Viele kamen zu der Überzeugung, dass Hegels Vision einer rationalen, geordneten Gesellschaft, die eine neo-hellenische Blüte der Hochkultur hervorbringt, im neuen Deutschland, das Bismarck aufbaute, bald Wirklichkeit werden könnte. Die wichtigste „napoleonische Idee“ war die Vereinnahmung der französischen Revolutionsrhetorik durch die patriotische Presse, die Napoleon III. glänzend beherrschte.

Anfänglich reagierte Napoleon III. negativ auf die Herausforderung. Doch seine strengen Pressegesetze von 1852 wurden nach und nach gelockert. Im Jahr 1859 erließ er eine Generalamnestie für die Presse und trug sich bald mit seiner eigenen antiklerikalen, quasi-sozialistischen „L’Opinion Nationale“ in die Listen des chauvinistischen Journalismus ein.

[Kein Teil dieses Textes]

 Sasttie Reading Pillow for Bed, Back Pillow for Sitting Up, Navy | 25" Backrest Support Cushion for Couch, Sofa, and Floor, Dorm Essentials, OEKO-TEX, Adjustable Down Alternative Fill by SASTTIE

Napoleon schuf die „nationale Meinung“, die er zu beschreiben vorgab.

Seine Kontrolle über die Presse ist so umfassend, dass sich ein Kritiker 1862 vor dem Parlament beschwert: „Es gibt nur einen Journalisten in Frankreich … den Kaiser.“ Napoleon kontrollierte nicht nur die Nachrichtenagentur „Havas“ und überschwemmte den Markt mit Slogan-Pamphleten […], sondern kaufte auch die Zeitungen der Opposition auf, optimierte das offizielle „Le Moniteur“ und fügte 1864 eine lesbare Abendausgabe hinzu.

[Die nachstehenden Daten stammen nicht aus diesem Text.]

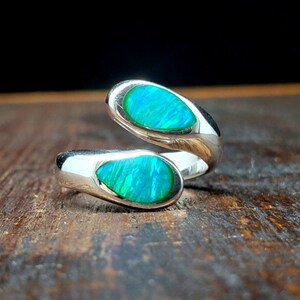 Sterling Silver Opal Adjustable Ring Mexican Taxco Silver Jewelry image 3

Dieses „Petit Moniteur“ erschien in einer Auflage von 200.000 Exemplaren und wurde zu einem gedrückten Preis von sechs Centimes verkauft, womit es alle anderen Konkurrenten unterbot, die für jede Ausgabe eine Mindeststeuer von fünf Centimes entrichten mussten. Der Satiriker Maurice Joly beschrieb diese Technik in seiner „Politik des Machiavelli“ im neunzehnten Jahrhundert von 1864 als „Neutralisierung der Presse durch die Presse selbst„.

Ebda., S. 342-343

Mist. Sehen Sie, wie schnell das ging? Ich wollte diesen Beitrag eigentlich kurz halten, aber schon bin ich wieder mittendrin. Man will seine Leser ja nicht mit bloßen Sprüchen abspeisen, sondern auch etwas Substanz liefern. Ich bin schließlich kein Telegram-Shitfluencer.

Wie gesagt: Fakt ist, daß die Praxis der Vereinnahmung der Presse – die Absicht, sie selber inhaltlich zu gestalten und damit das Denken der Bevölkerung in die gewünschte Richtung zu lenken – keine Erfindung des 20. oder 21. Jahrhunderts ist. Wenn ein Plutokrat wie Bill Gates also weltweit etwas über 150 (!) Zeitungen, Zeitschriften und Magazine kauft, kann er das ganz einfach deshalb tun, weil er natürlich mehr Geld hat als 99.9% der restlichen Bevölkerung (so wie die damaligen Eliten). Auf diese Weise möchte man ein enges „Informationsnetz“ knüpfen. Die Rede von einer „Matrix“ ist wirklich nicht ganz unangebracht.

Und genau dieses Prinzip wandte man auch auf die heutigen „alternativen Medien“ an.

Wenn nun also der putzige Telegram-PR-Stunt um die Verhaftung Pavel Durovs dazu führt, daß sich noch mehr Leute in diese Falle begeben, diese kontrollierte Umgebung: Tun Sie bitte überrascht. Schlecht geskripteter Film ab:

Es bedarf keiner Erwähnung mehr, daß ein Limited Hangout wie Stefan „Moses“ Magnet, Mitglied des von mir ausreichend abgehandelten Zitierkartells auf Telegram und inoffizieller Pressesprecher von AfD und FPÖ, sich darüber natürlich tierisch freut. Geliefert wie bestellt. Ziel erreicht. Der „neue Mainstream“ in der pseudo-Alternativszene erhält somit noch mehr Zulauf.

Mensch Axel, du gehst ja wieder ab. Ich verstehe ja, daß dich die ganze Dauerlügerei, die endlosen Manipulationen, die Täuschungsmanöver, die permanenten Desinformationen und die Skrupellosigkeit solcher vermeintlichen „Aufklärer“ und „Truther“ ankotzen, aber welche konstruktiven Gegenmaßnahmen würdest du denn empfehlen?

Ist das eine Scherzfrage? Nichts leichter als das. Läßt sich in zwei Worten zusammenfassen:

Telegram meiden.

Denn merke: Nicht überall, wo „alternativ“ draufsteht, ist auch alternativ drin.